Carry none of the pictures over; write out the complete data exactly.

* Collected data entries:
════

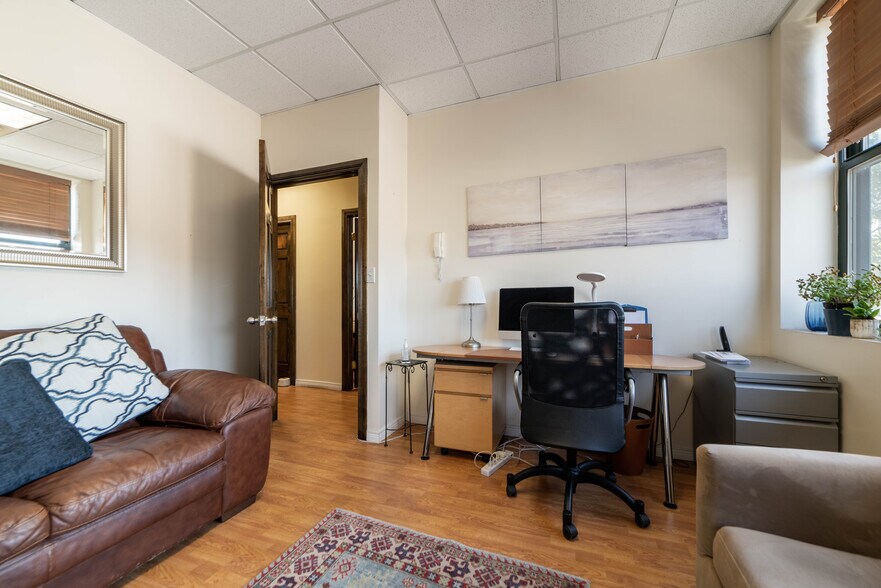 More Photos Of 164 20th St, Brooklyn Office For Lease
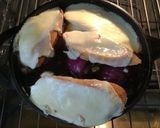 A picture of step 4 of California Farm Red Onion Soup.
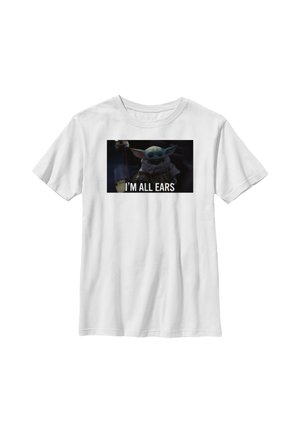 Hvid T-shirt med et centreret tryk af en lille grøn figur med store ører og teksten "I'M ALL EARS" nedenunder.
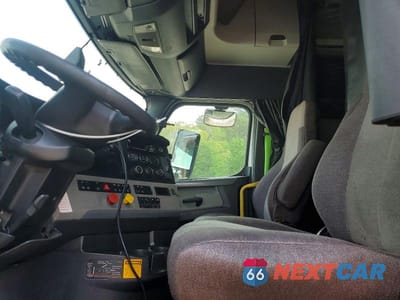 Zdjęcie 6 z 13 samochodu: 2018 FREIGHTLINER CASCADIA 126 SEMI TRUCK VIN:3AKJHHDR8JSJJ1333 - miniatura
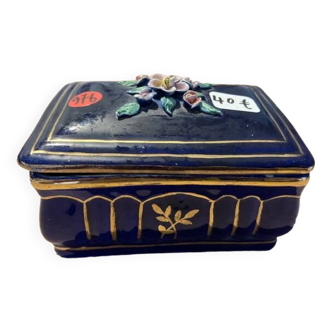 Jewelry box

════

* Result:
 More Photos Of 164 20th St, Brooklyn Office For Lease
 A picture of step 4 of California Farm Red Onion Soup.
 Hvid T-shirt med et centreret tryk af en lille grøn figur med store ører og teksten "I'M ALL EARS" nedenunder.
 Zdjęcie 6 z 13 samochodu: 2018 FREIGHTLINER CASCADIA 126 SEMI TRUCK VIN:3AKJHHDR8JSJJ1333 - miniatura
 Jewelry box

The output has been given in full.